WHAT THIS TASK INVOLVES »
Retype all the records with nothing changed.
※ ※ ※
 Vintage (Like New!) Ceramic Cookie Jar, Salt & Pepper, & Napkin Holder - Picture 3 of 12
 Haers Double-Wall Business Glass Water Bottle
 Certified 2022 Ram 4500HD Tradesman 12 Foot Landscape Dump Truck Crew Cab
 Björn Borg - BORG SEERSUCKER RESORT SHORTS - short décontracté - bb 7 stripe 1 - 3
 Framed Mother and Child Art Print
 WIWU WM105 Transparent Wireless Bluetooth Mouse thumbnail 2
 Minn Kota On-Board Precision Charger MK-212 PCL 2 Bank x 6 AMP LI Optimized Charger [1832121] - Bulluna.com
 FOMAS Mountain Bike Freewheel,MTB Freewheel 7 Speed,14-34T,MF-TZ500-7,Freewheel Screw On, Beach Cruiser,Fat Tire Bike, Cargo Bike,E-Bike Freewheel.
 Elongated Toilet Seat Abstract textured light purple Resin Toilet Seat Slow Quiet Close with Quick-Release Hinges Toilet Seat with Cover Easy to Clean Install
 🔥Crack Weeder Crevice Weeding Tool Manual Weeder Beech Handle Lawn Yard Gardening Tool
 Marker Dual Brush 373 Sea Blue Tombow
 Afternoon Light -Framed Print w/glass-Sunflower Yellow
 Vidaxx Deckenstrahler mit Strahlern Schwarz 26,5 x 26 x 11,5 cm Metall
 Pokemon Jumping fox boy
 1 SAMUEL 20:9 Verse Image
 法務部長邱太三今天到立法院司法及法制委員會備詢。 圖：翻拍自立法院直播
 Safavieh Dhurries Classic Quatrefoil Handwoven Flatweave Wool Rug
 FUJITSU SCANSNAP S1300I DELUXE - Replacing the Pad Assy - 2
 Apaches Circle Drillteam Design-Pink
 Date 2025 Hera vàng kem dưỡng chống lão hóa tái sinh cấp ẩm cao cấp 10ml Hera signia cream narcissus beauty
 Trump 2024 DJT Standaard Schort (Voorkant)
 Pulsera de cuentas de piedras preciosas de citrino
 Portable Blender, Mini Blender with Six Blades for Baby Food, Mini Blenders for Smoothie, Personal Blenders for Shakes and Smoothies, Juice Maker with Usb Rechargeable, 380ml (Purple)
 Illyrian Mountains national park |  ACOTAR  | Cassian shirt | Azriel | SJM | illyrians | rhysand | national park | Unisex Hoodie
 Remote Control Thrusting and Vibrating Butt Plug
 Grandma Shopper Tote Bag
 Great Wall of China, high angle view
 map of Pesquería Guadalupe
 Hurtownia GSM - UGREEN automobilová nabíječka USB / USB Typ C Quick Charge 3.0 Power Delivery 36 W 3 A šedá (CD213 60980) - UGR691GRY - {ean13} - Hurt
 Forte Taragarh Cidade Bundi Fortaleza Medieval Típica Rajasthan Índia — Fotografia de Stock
※ ※ ※
RESULT OF THE EXERCISE »
 Vintage (Like New!) Ceramic Cookie Jar, Salt & Pepper, & Napkin Holder - Picture 3 of 12
 Haers Double-Wall Business Glass Water Bottle
 Certified 2022 Ram 4500HD Tradesman 12 Foot Landscape Dump Truck Crew Cab
 Björn Borg - BORG SEERSUCKER RESORT SHORTS - short décontracté - bb 7 stripe 1 - 3
 Framed Mother and Child Art Print
 WIWU WM105 Transparent Wireless Bluetooth Mouse thumbnail 2
 Minn Kota On-Board Precision Charger MK-212 PCL 2 Bank x 6 AMP LI Optimized Charger [1832121] - Bulluna.com
 FOMAS Mountain Bike Freewheel,MTB Freewheel 7 Speed,14-34T,MF-TZ500-7,Freewheel Screw On, Beach Cruiser,Fat Tire Bike, Cargo Bike,E-Bike Freewheel.
 Elongated Toilet Seat Abstract textured light purple Resin Toilet Seat Slow Quiet Close with Quick-Release Hinges Toilet Seat with Cover Easy to Clean Install
 🔥Crack Weeder Crevice Weeding Tool Manual Weeder Beech Handle Lawn Yard Gardening Tool
 Marker Dual Brush 373 Sea Blue Tombow
 Afternoon Light -Framed Print w/glass-Sunflower Yellow
 Vidaxx Deckenstrahler mit Strahlern Schwarz 26,5 x 26 x 11,5 cm Metall
 Pokemon Jumping fox boy
 1 SAMUEL 20:9 Verse Image
 法務部長邱太三今天到立法院司法及法制委員會備詢。 圖：翻拍自立法院直播
 Safavieh Dhurries Classic Quatrefoil Handwoven Flatweave Wool Rug
 FUJITSU SCANSNAP S1300I DELUXE - Replacing the Pad Assy - 2
 Apaches Circle Drillteam Design-Pink
 Date 2025 Hera vàng kem dưỡng chống lão hóa tái sinh cấp ẩm cao cấp 10ml Hera signia cream narcissus beauty
 Trump 2024 DJT Standaard Schort (Voorkant)
 Pulsera de cuentas de piedras preciosas de citrino
 Portable Blender, Mini Blender with Six Blades for Baby Food, Mini Blenders for Smoothie, Personal Blenders for Shakes and Smoothies, Juice Maker with Usb Rechargeable, 380ml (Purple)
 Illyrian Mountains national park |  ACOTAR  | Cassian shirt | Azriel | SJM | illyrians | rhysand | national park | Unisex Hoodie
 Remote Control Thrusting and Vibrating Butt Plug
 Grandma Shopper Tote Bag
 Great Wall of China, high angle view
 map of Pesquería Guadalupe
 Hurtownia GSM - UGREEN automobilová nabíječka USB / USB Typ C Quick Charge 3.0 Power Delivery 36 W 3 A šedá (CD213 60980) - UGR691GRY - {ean13} - Hurt
 Forte Taragarh Cidade Bundi Fortaleza Medieval Típica Rajasthan Índia — Fotografia de Stock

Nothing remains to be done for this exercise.